Netanyahu’s office defended the size of the group, saying his China trip was “more complex’’ than Olmert’s, according to the newspaper.
Netanyahu and his wife, Sara, have faced questions about their spending habits before. Earlier this year, the prime minister canceled a state contract after it was disclosed that he was spending $2,700 a year for his favorite ice cream. In 2011, Netanyahu was investigated for accepting expensive flights, hotel stays and meals from wealthy benefactors while he served as a government minister. No charges were brought.
Israeli media outlets lambasted Netanyahu for what they said were lavish habits at a time when most Israelis were feeling the pinch of the rising cost of living.
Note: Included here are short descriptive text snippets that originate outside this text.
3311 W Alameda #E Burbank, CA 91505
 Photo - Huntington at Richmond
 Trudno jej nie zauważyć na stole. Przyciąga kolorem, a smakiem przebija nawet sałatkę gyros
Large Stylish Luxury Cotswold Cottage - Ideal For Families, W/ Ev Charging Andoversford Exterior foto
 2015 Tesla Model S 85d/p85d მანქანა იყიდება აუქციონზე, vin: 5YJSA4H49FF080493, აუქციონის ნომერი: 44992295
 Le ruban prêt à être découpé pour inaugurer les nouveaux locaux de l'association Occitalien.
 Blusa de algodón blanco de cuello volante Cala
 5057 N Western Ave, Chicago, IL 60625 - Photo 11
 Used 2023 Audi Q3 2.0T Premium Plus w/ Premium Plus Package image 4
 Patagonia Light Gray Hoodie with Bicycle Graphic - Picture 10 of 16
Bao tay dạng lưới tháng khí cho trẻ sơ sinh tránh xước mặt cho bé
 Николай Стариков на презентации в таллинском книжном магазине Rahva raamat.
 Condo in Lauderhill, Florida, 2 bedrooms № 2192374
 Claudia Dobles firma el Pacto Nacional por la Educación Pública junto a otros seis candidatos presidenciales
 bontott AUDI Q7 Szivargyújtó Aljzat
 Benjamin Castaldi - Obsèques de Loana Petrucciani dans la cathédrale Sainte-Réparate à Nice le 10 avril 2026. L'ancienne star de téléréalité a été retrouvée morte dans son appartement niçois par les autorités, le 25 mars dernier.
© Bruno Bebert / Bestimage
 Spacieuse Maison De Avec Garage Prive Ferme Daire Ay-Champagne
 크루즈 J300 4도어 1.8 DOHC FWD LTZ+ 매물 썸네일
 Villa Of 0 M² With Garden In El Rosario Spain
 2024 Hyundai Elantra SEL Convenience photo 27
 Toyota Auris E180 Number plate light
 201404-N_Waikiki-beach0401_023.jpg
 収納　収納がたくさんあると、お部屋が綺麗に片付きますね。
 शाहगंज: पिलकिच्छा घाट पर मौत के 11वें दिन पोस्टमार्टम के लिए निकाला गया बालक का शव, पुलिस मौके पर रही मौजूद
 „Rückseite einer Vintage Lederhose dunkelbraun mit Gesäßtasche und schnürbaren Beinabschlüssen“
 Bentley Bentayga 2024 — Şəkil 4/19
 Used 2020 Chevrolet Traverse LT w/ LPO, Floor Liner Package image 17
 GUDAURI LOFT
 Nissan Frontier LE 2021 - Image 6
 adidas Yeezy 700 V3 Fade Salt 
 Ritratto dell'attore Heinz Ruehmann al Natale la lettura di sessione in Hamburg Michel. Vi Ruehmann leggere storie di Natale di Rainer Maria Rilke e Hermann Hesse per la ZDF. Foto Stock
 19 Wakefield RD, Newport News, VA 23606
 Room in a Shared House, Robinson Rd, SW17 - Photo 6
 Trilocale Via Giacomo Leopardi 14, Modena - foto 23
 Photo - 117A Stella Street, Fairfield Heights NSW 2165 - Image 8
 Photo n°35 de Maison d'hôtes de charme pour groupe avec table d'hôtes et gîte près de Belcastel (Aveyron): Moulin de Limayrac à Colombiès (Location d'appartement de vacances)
Many reprinted a picture of former Prime Minister Menachem Begin curled up asleep across two airplane seats during a 12-hour trip to the United States, praising the nation's previous leaders for setting better examples of frugality and modesty.
On Tuesday, Netanyahu’s government passed a new budget that will include a 1.5% rise in personal income taxes and a hike in the valued-added tax -- a type of sales tax -- to 18%, up from 16% last year.
Netanyahu has said the austerity measures, including a $800-million cut in military spending, are needed to lower Israel’s $10-billion budget deficit. But last weekend, thousands of Israelis protested against the new budget, threatening to reactivate large-scale demonstrations that took place two years ago.